**What you need to do**: Give back, exactly and with nothing else, the lines running from the one that contains "Seasonal outdoor pool, free" to the end of the entries below; do not include pictures.

Short descriptive text snippets:
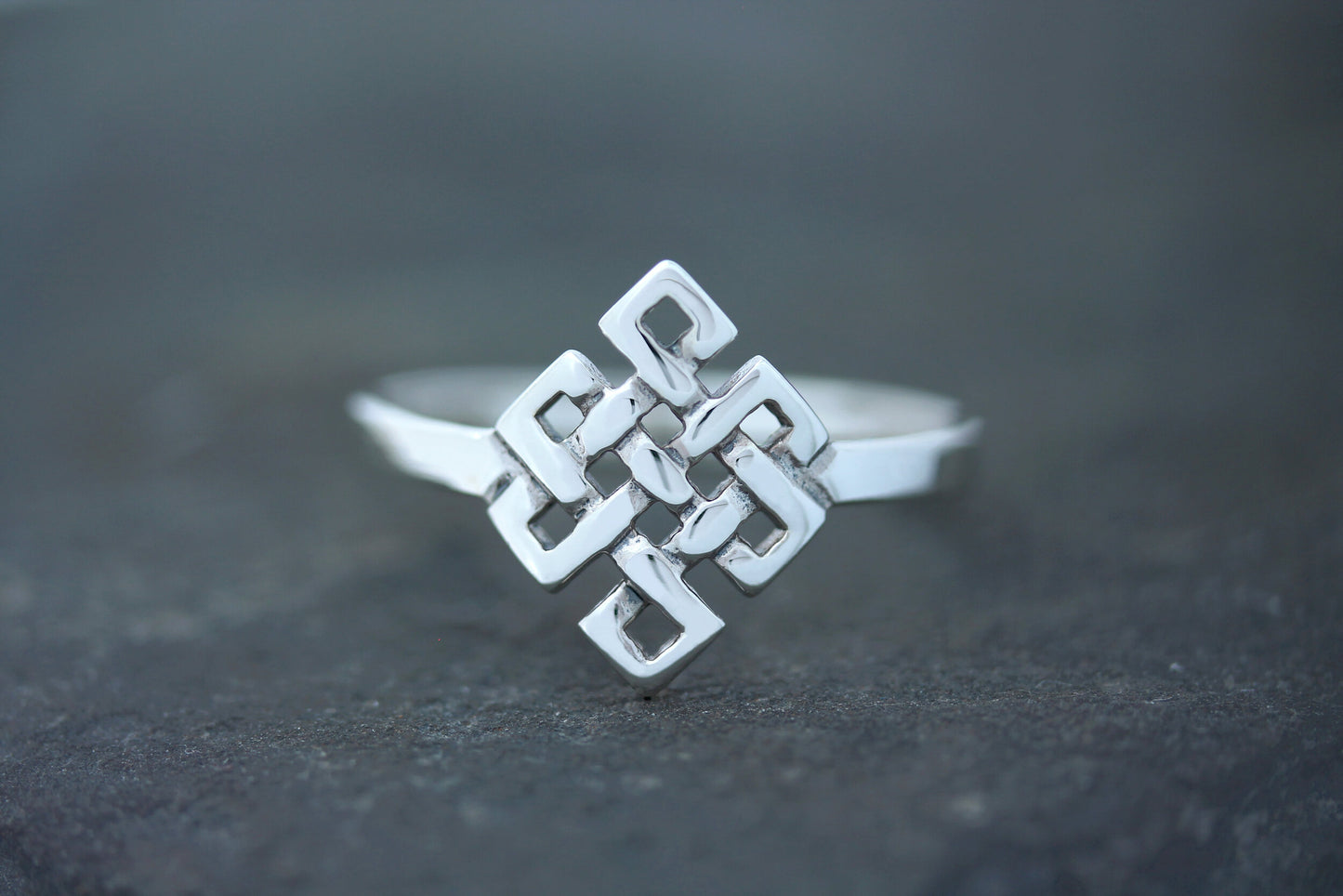 Celtic Knot Ring - Vertical Padlock Knot
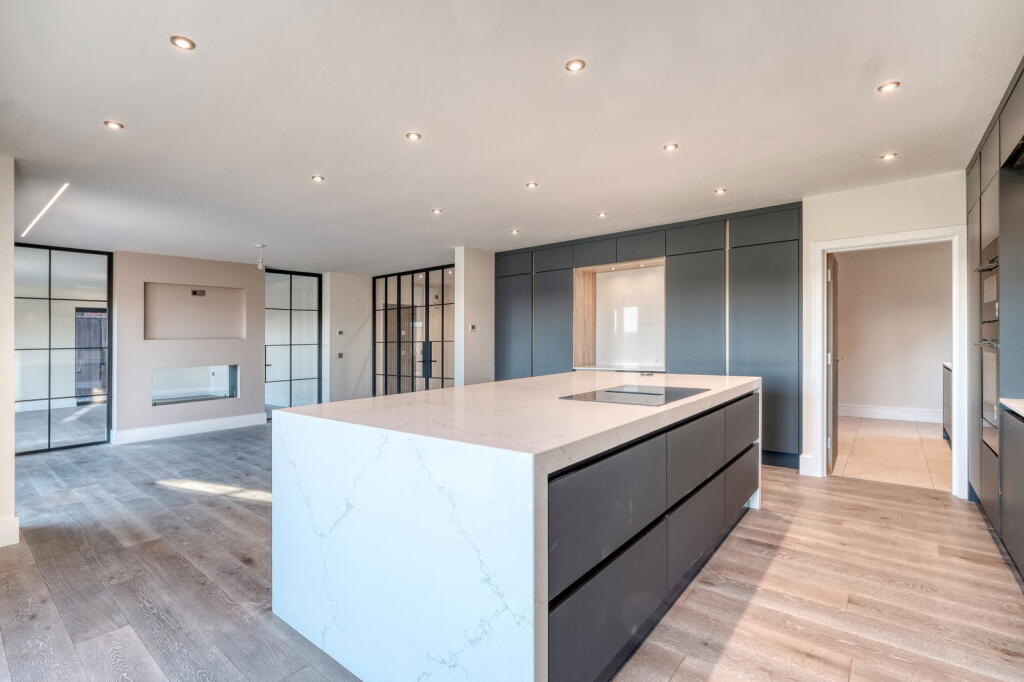 Additional property image - Merewood, Malthouse Lane, Earlswood, Solihull, B94 5SD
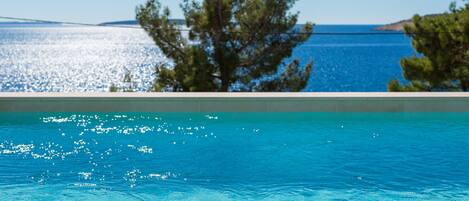 Seasonal outdoor pool, free cabanas, pool umbrellas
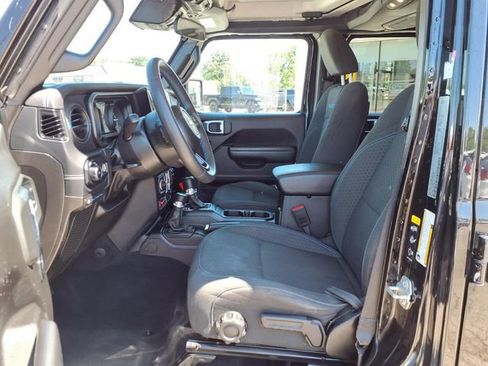 Used 2024 Jeep Wrangler Unlimited Rubicon 4xe AWD/4WD image 18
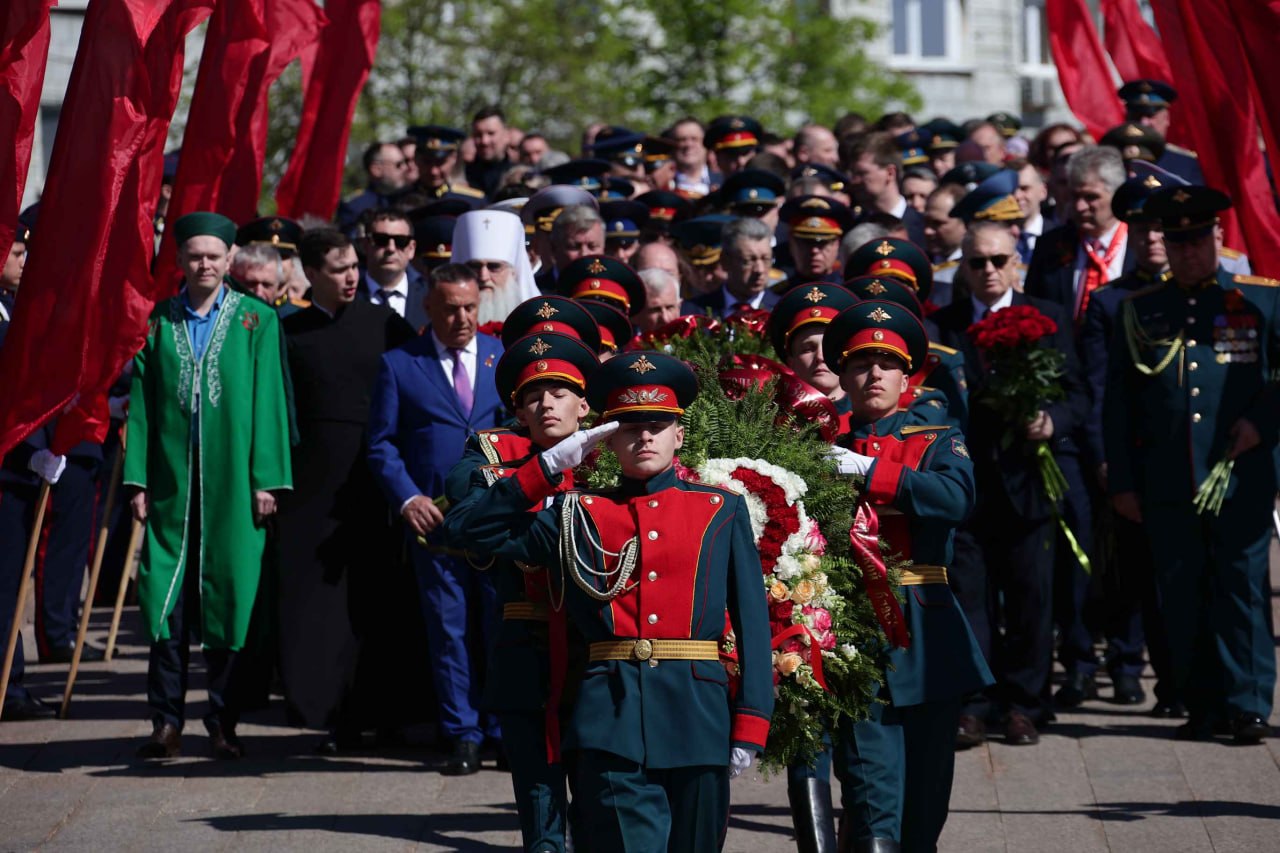 Легендарный Т-34, гвоздики в руках ветеранов, улыбки детей и национальный хоровод — таким запомнился День Победы в Ульяновске Легендарный Т-34, гвоздики в руках ветеранов, улыбки детей и национальный хоровод — таким запомнился День Победы в Ульяновске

**Result of the exercise**:
 Seasonal outdoor pool, free cabanas, pool umbrellas
 Used 2024 Jeep Wrangler Unlimited Rubicon 4xe AWD/4WD image 18
 Легендарный Т-34, гвоздики в руках ветеранов, улыбки детей и национальный хоровод — таким запомнился День Победы в Ульяновске Легендарный Т-34, гвоздики в руках ветеранов, улыбки детей и национальный хоровод — таким запомнился День Победы в Ульяновске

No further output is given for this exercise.